> Try it: Please print, exactly, only the lines in the entries below from the line that has "नाला में बने" through the line that has "Tüylü Detaylı Mavi". Pictures don't go in.

> Supplied records:
Segment Open

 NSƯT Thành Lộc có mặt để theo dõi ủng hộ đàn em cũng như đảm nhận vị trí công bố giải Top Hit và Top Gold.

Segment Closed
Segment Open

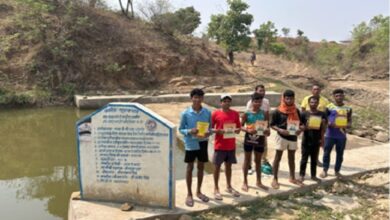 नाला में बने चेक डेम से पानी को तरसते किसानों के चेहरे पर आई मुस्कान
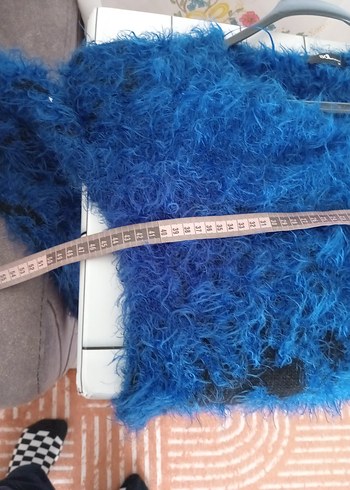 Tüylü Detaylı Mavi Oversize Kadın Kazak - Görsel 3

Segment Closed

> Solution for this problem:
 नाला में बने चेक डेम से पानी को तरसते किसानों के चेहरे पर आई मुस्कान
 Tüylü Detaylı Mavi Oversize Kadın Kazak - Görsel 3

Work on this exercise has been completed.